The DIY giant Wickes has been accused of stifling freedom of speech after its boss tried unsuccessfully to shut down a website criticising it as “woke” after its boss told trans-critical “bigots” to shop elsewhere.
[…]
In response [to Mr Longden’s comments], Timothy Huskey set up the protest site featuring the headline “Woke Wickes” and claiming “the UK calls for a boycott of Wickes” due to its “highly controversial sexual agenda”, claiming that the company “hates” customers who think there are only two genders.
[…]
In July, the home improvements store’s lawyers contacted Nominet, the body which oversees UK domain names, to complain that the website was abusing the company’s trademarked name, contained “malware capabilities” and was being used for “phishing”, a reference to the use of emails and online platforms for fraudulent behaviour.
Papers filed with the watchdog also said the site was set up for commercial gain and intended to “unfairly disrupt” Wickes’s business.
In response, Mr Huskey, who is American, said he set up the site as “legitimate criticism” of Wickes, and made it “abundantly clear” it is not connected to the company, even offering visitors the address for the company’s official website if anyone wanted to shop with them. He insisted it was not used to make money or for any phishing fraud and contained no malware.

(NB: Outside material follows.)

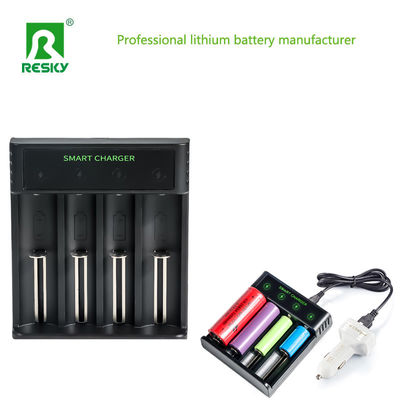 4 슬롯 재충전 가능한 스마트 배터리 충전기 4.2V 2A 18650 리?? 이온 Ni-MH Ni-CD 배터리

The adjudicator, who ruled on the dispute, found the use of the word “boycott” in the protest site’s name meant visitors would not think it was linked to the official Wickes’s site.

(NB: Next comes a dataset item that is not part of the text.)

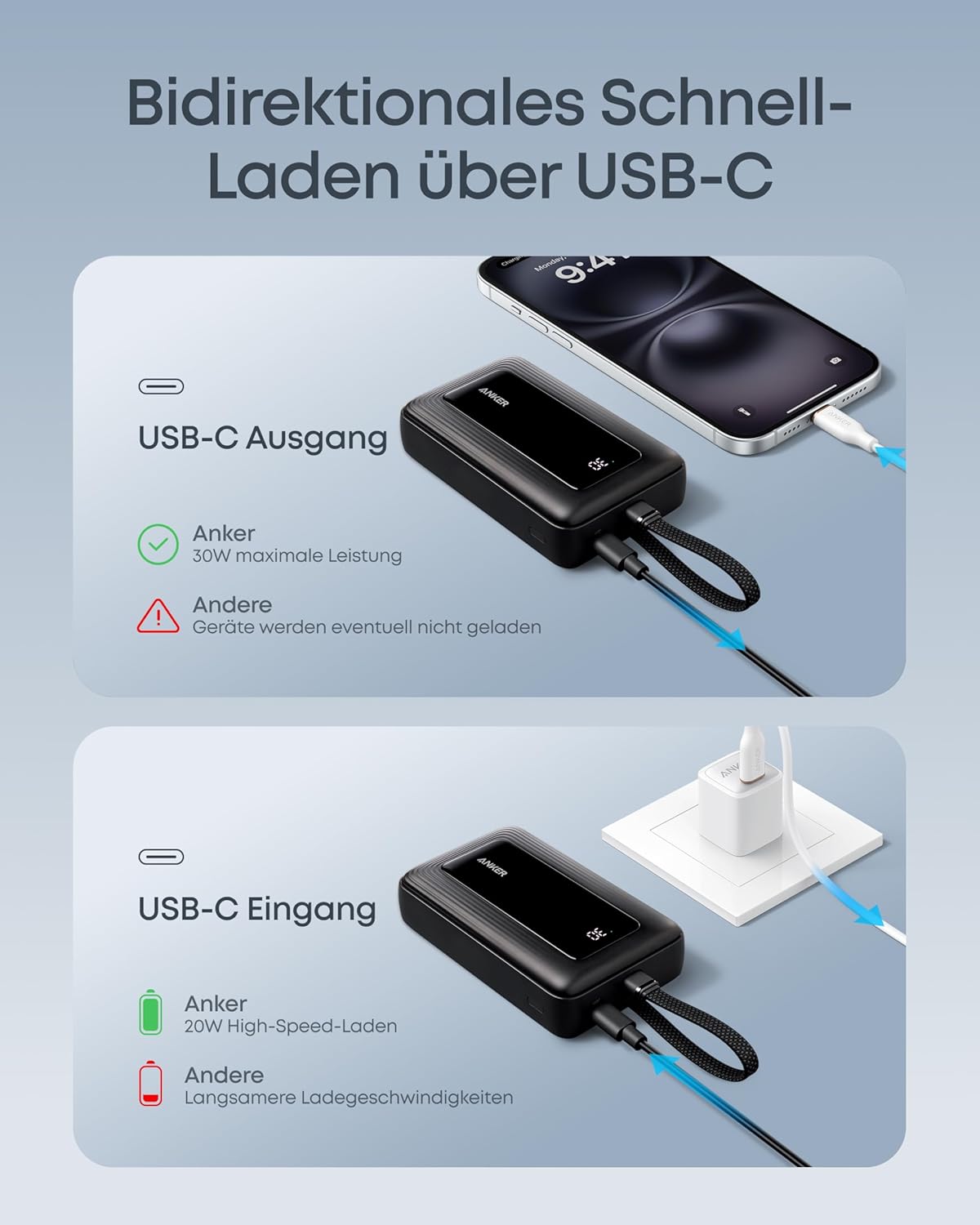 Power Bank Zolo, Blau ; 10000mAh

They concluded the company’s claims the site was malicious or set up for “phishing” fell “well short of what is required to support its serious allegation”.
They added that Wickes had not proven that the criticism on the website was “of such an exceptional nature” to merit the site to be shut down. They were also satisfied it was not set up for commercial or illicit purposes.
Wickes’ use of obviously spurious claims about malware and phishing to attempt to silence a critic enrages me. I am glad the attempt failed; https://www.boycottwickes.co.uk/ is still there. Mind you, so is Fraser Longden. Obviously the earlier boycott did not damage their bottom line that much. And I do not delude myself that my little mini-boycott will leave their accountants a-tremble. Mr Longden is right about one thing, most grand resolutions fizzle out when it’s 6:30pm, everywhere else is closed, and you desperately need a screw.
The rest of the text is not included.